[DOC-12430] Vector Search Index Architecture (#308)

sarahlwelton · Rebecca-Martinez007 · web-flow · commit a60131fc532f · 2025-01-16T13:33:01.000-05:00
* [DOC-12430] Adding anchor to child-field-options-reference First draft of vector-search-index-architecture * [DOC-12430] Add entry to nav.adoc * [DOC-12430] Elaboration on when each index type is used + other fixes * [DOC-12430] Tying processing in with scoring. * [DOC-12430] Addressing some comments from SME review * Update modules/vector-search/pages/vector-search-index-architecture.adoc Co-authored-by: Rebecca Martinez <167447972+Rebecca-Martinez007@users.noreply.github.com> * Update modules/vector-search/pages/vector-search-index-architecture.adoc Co-authored-by: Rebecca Martinez <167447972+Rebecca-Martinez007@users.noreply.github.com> * [DOC-12430] Changes/suggestions from peer review --------- Co-authored-by: Rebecca Martinez <167447972+Rebecca-Martinez007@users.noreply.github.com>
diff --git a/modules/search/pages/child-field-options-reference.adoc b/modules/search/pages/child-field-options-reference.adoc
@@ -23,7 +23,7 @@ include::partial$vector-search-field-descriptions.adoc[tag=dimension]
 
 include::partial$vector-search-field-descriptions.adoc[tag=similarity_metric]
 
-|Optimized For (Vector Fields Only) a|
+|[[optimized]]Optimized For (Vector Fields Only) a|
 
 include::partial$vector-search-field-descriptions.adoc[tag=optimized_for]
 
diff --git a/modules/vector-search/pages/vector-search-index-architecture.adoc b/modules/vector-search/pages/vector-search-index-architecture.adoc
@@ -0,0 +1,152 @@
+= Vector Search Index Architecture
+:page-topic-type: concept
+:description: Vector Search indexes use features from traditional Search indexes, with unique indexing algorithms and features that allow you to compare vectors in nearest neighbor searches.
+:page-toclevels: 3
+
+[abstract]
+{description}
+
+A Vector Search index still relies on <<sync,>> and uses <<segments,>> to manage merging and persisting data to disk in your cluster.
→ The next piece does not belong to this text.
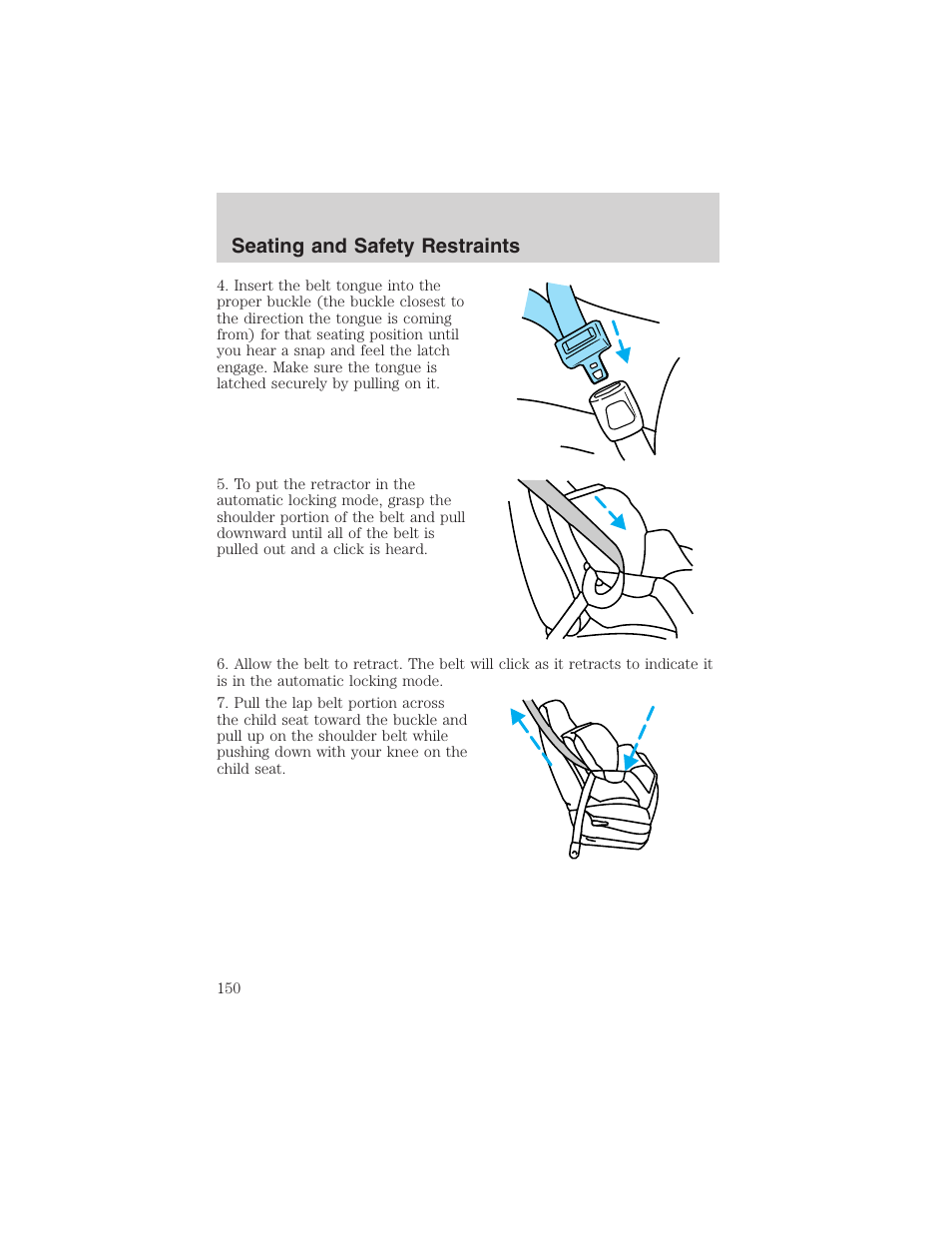 Seating and safety restraints | FORD 2002 F-150 User Manual | Page 150 / 312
+All changes from Database Change Protocol (DCP) and the Data Service are introduced to a Search index in batches, which are further managed by segments. 
+
+[#sync]
+== Synchronization with Database Change Protocol (DCP) and the Data Service
+
+The Search Service uses batches to process data that comes in from xref:server:learn:clusters-and-availability/intra-cluster-replication.adoc#database-change-protocol[DCP] and the xref:server:learn:services-and-indexes:services/data-service.adoc[Data Service].
+DCP and Data Service changes are introduced gradually, based on available memory on Search Service nodes, until reindexing operations for an index are complete.
+
+The Search Service can merge batches into a single batch before they're sent to the disk write queue, to reduce the resources required for batch processing. 
+
+The Search Service maintains index snapshots on each Search index partition.
+These snapshots contain a representation of document mutations on either a write queue, or in storage.
+
+If the Search Service loses connection to the Data Service, the Search Service compares its rollback sequence numbers in its snapshots with the Data Service when the connection is reestablished.
+If the index snapshots on the Search Service are too far ahead, the Search Service performs a full rollback to get back in sync with the Data Service. 
+
+[#segments]
+== Search Index Segments
+
+Search and Vector Search indexes in Couchbase Server are built with segments. 
+
+All Search indexes contain a root segment, which includes all data for the Search index but excludes any segments that might be stale.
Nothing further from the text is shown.